Now reader, don't be impatient and don't wonder what a cadet has to do with Andy, apart from the coincidence of the first three letters of his name. I feel there's something else in common, too!

As for the first quality, I wonder if there is any bowler in the present England squad who's more organised, disciplined and upright than CADdick? And, if there is one, I'm simply not aware of his name. Gough, his opening partner, may be deadlier, more incisive maybe, but not more disciplined or as accurate.

And as for aggression, I'd ask, is there any doubt in your mind about CADdick's, aggression after watching him butchering McGrath, Shane Warne and Co. on the first day at Edgbaston? He came to the crease and started playing his shots with sheer hostility, not hitherto seen in England ranks during the whole of the innings.

The icing on the cake is perhaps the fact that he had saved his best for the Aussies - the one-day and Test champions of the world. After hammering 36 (44 balls) in the last league match of the NatWest Series at The Oval, he carried on in the same vein to slaughter the Aussie attack yet again, getting 49 not out off just 40 balls, of which seven went to the rope and one over it. Surely stuff to remember.

Now, I did tell you above, CADdick reminded me of a cadet even before he produced that blitz the other day against Australia.

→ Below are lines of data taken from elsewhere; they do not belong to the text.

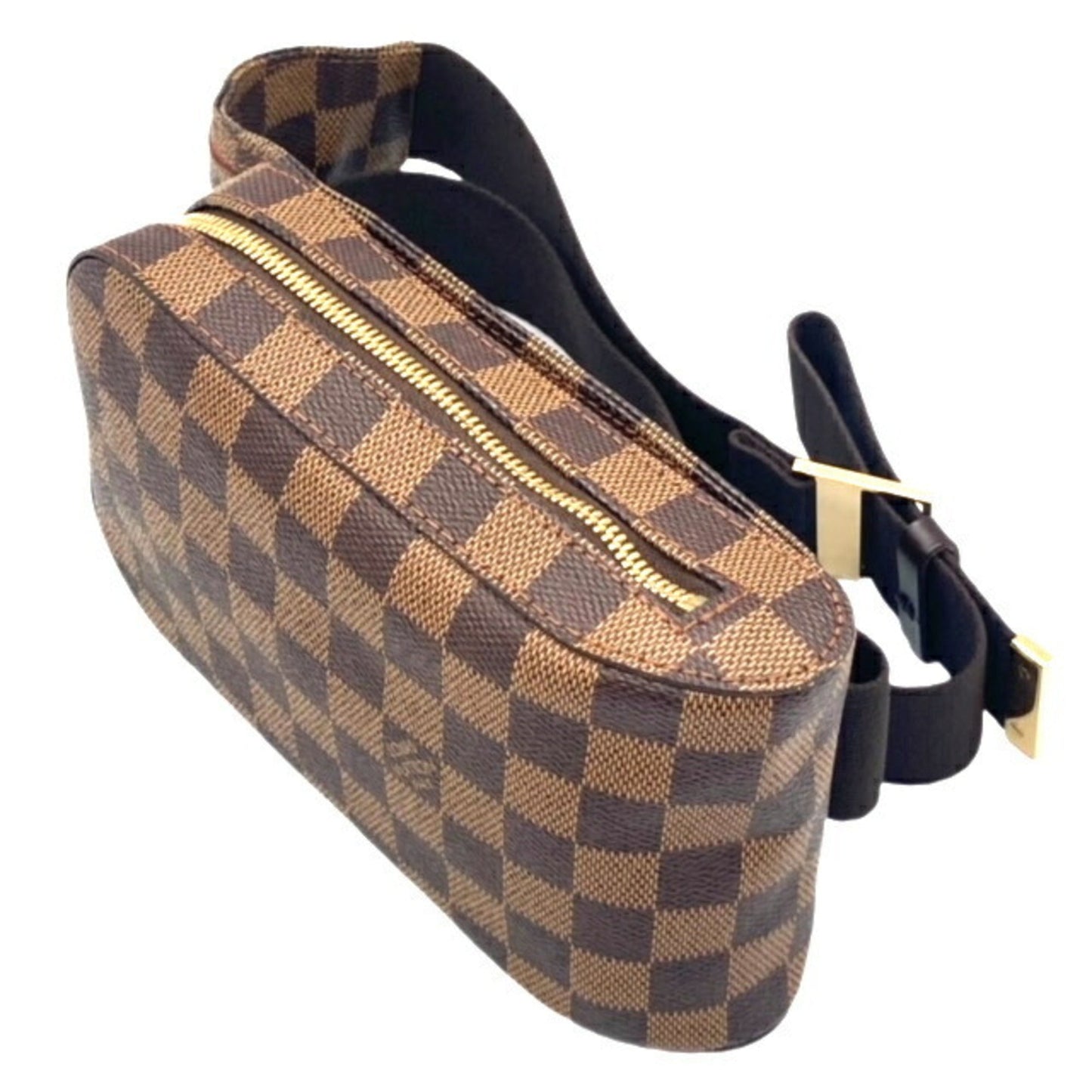 LOUIS VUITTON Damier Jeronimos N51994 Brown Waist Pouch Body Bag Men Women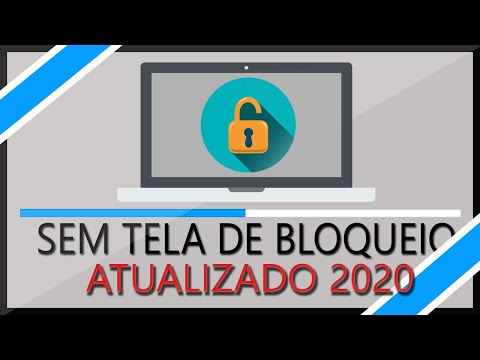 Vídeo: Tela De Bloqueio Do Windows 10 - Como Ativar Ou Desativar, Remover Completamente E Realizar Outras Ações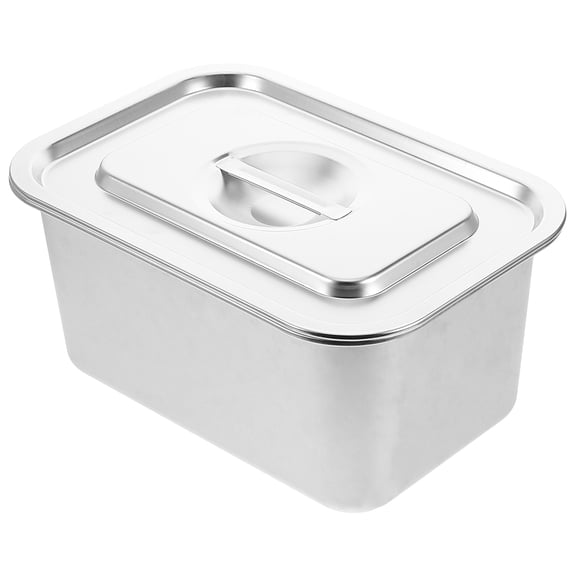 TABLZONE Stainless Steel Compost Bin for Kitchen Countertop with Lid for Food Waste Storage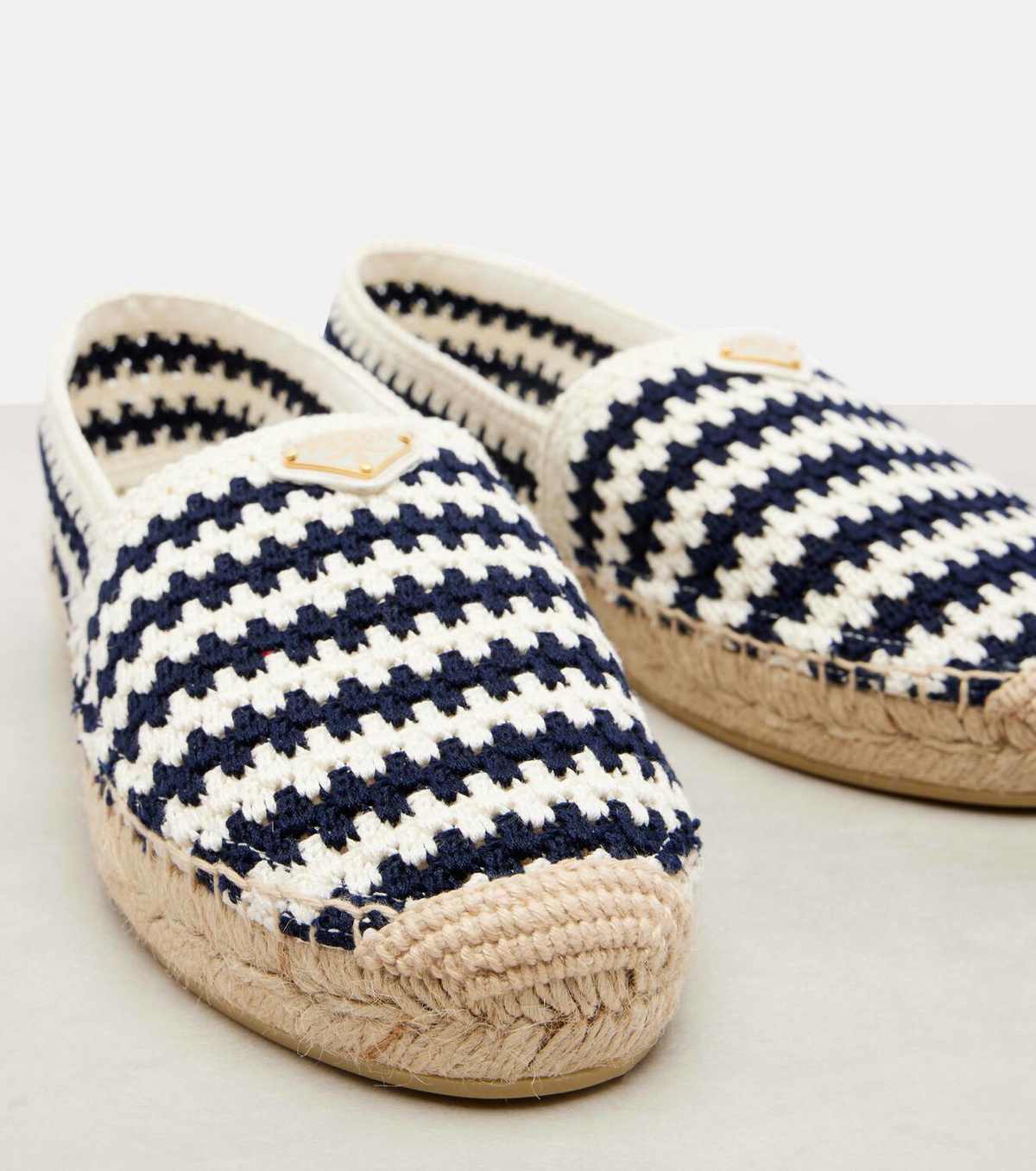 Prada Crochet espadrilles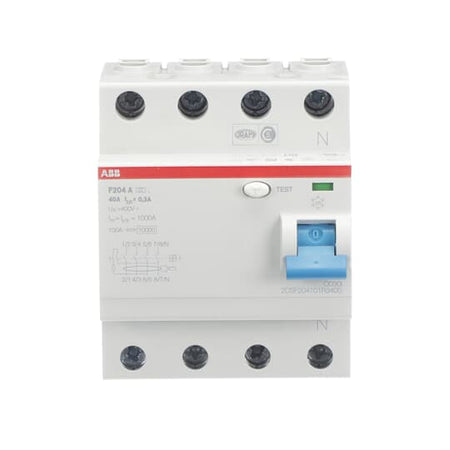 ABB F204 A-40/0.3 Residual Current Device (RCD) - Industrial Automation Part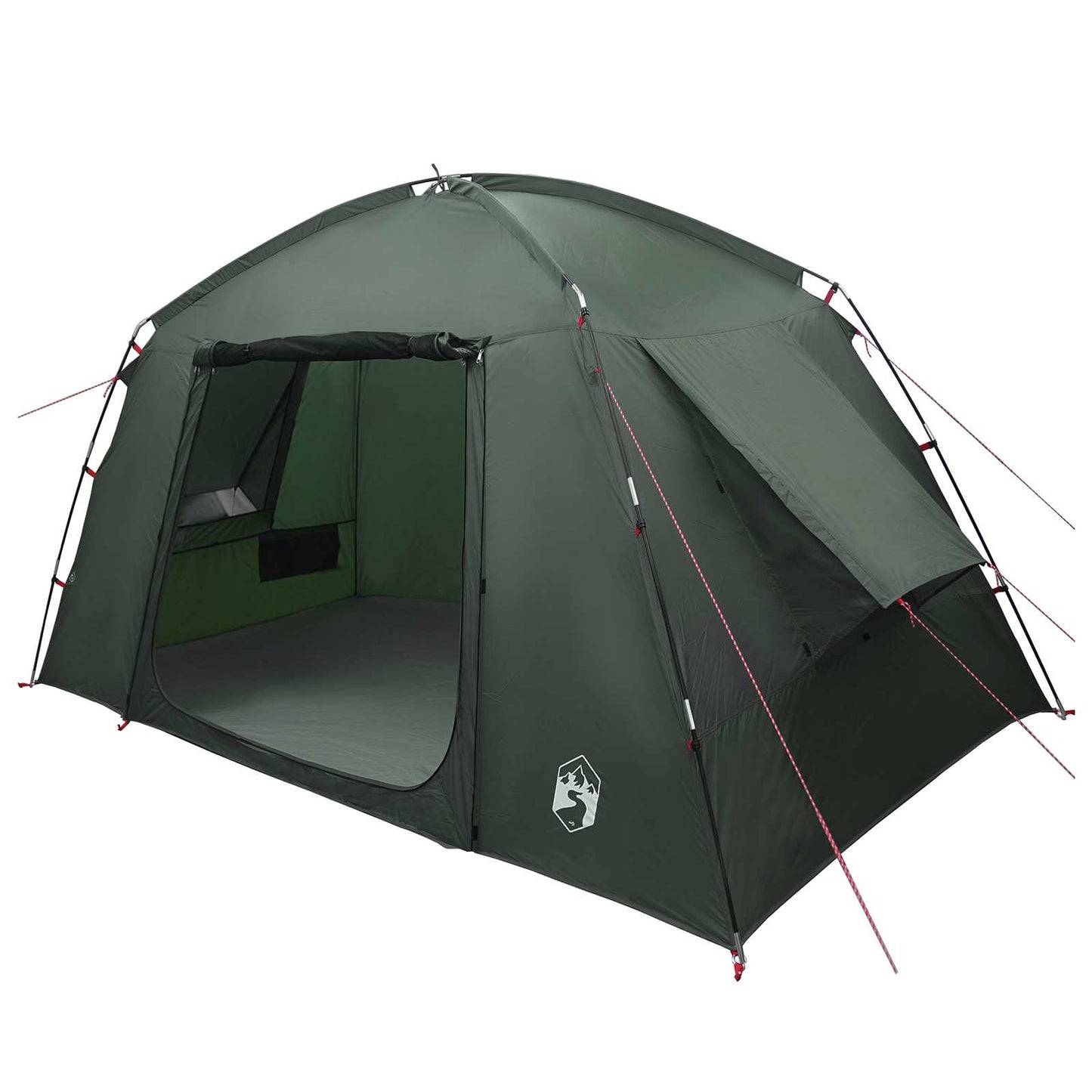 vidaXL Cabin Tent with Roof Army Green 300 x 210 x 156 cm Polyester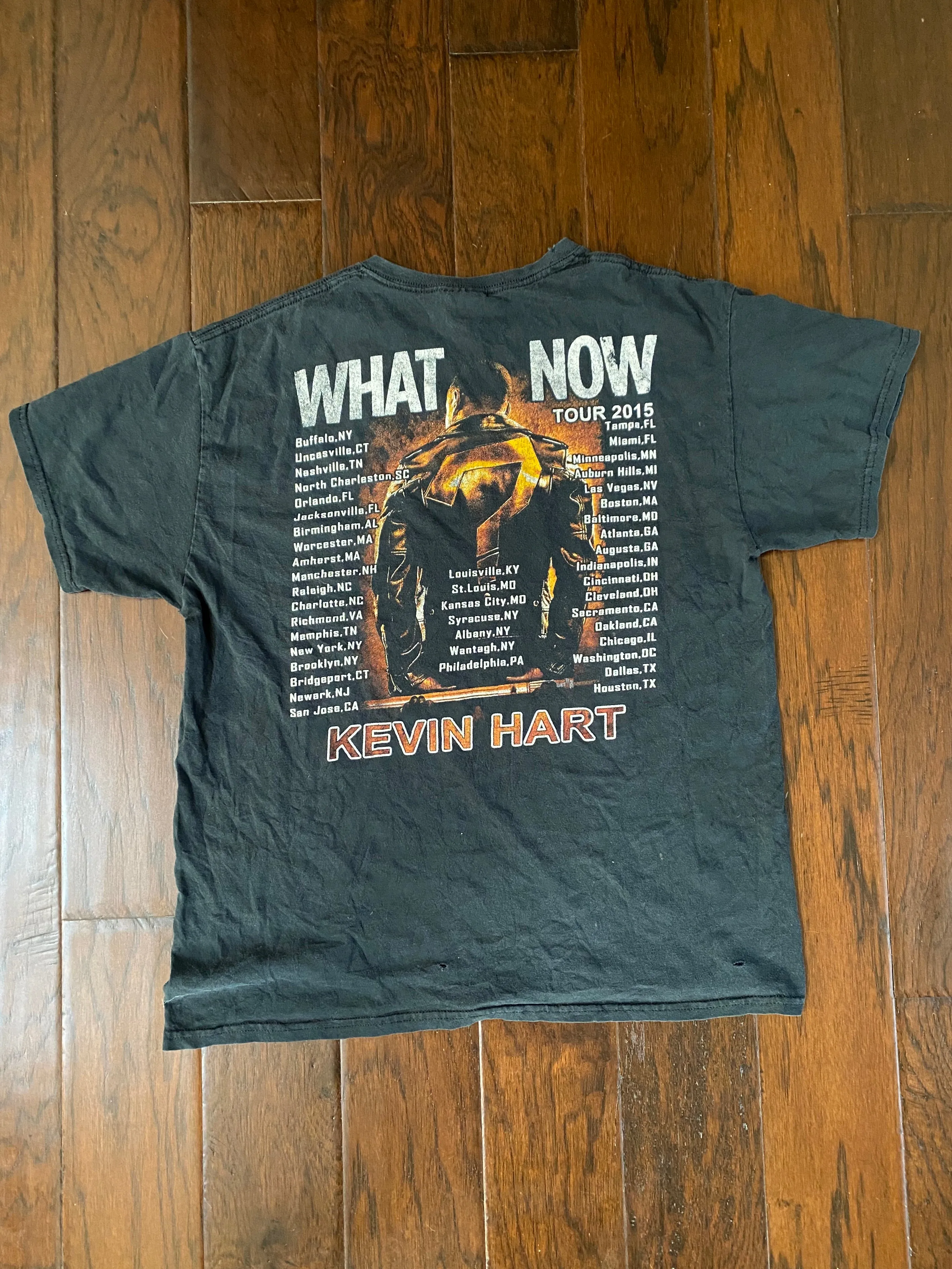 Kevin Hart 2015 “What Now Tour” Vintage Distressed T-shirt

Well, most must be aware that immediately after entering the doors of a military academy, the new recruit has to have a close shave of his head. That happened to me too. And the most conspicuous feature of my face, subsequent to that head shave, were my ears protruding like sails of a two-mast yacht, if nothing else!

Looking at this tall, well-built, upright and soldier-like paceman just harks back to my days of cadetship. He does stand and deliver with the best of them!